== Recorded data ==

※

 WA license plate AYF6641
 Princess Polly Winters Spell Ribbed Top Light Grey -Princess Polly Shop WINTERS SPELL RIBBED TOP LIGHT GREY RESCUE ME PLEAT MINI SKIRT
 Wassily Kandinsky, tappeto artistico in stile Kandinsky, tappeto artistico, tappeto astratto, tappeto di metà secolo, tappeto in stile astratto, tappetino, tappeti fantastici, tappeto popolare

※

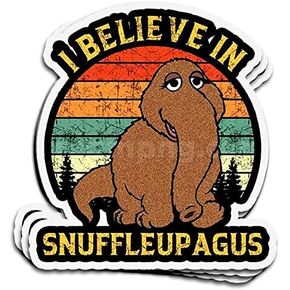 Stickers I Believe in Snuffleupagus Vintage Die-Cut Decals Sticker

※

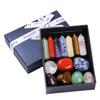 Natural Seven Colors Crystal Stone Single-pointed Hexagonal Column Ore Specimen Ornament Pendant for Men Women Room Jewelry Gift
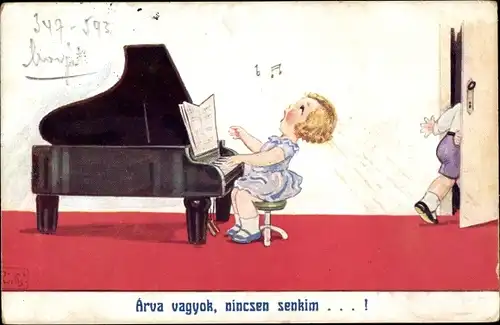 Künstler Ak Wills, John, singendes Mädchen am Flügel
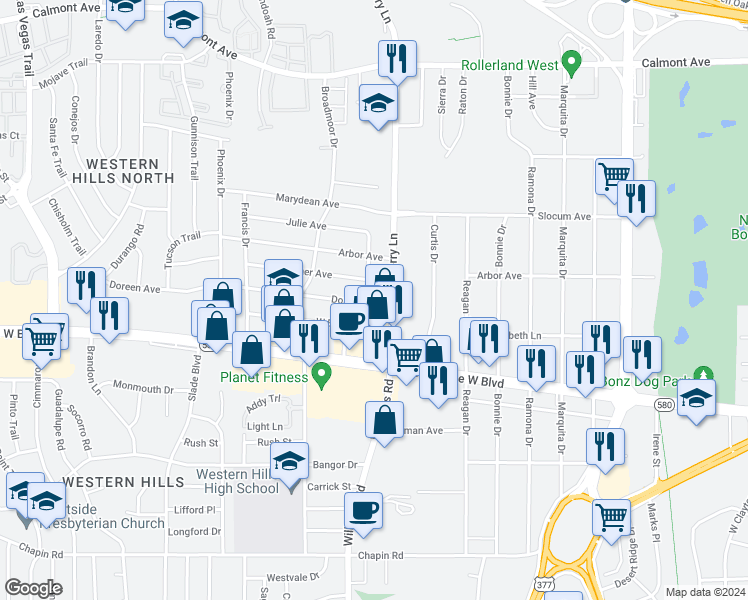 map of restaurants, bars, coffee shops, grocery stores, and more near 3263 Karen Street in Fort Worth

※

== Task requirements ==
Transcribe each line of the data above, unaltered, from the one where "WA license plate AYF6641" appears to the one where "Princess Polly Winters" appears, inclusive of both.

== Answer section ==
 WA license plate AYF6641
 Princess Polly Winters Spell Ribbed Top Light Grey -Princess Polly Shop WINTERS SPELL RIBBED TOP LIGHT GREY RESCUE ME PLEAT MINI SKIRT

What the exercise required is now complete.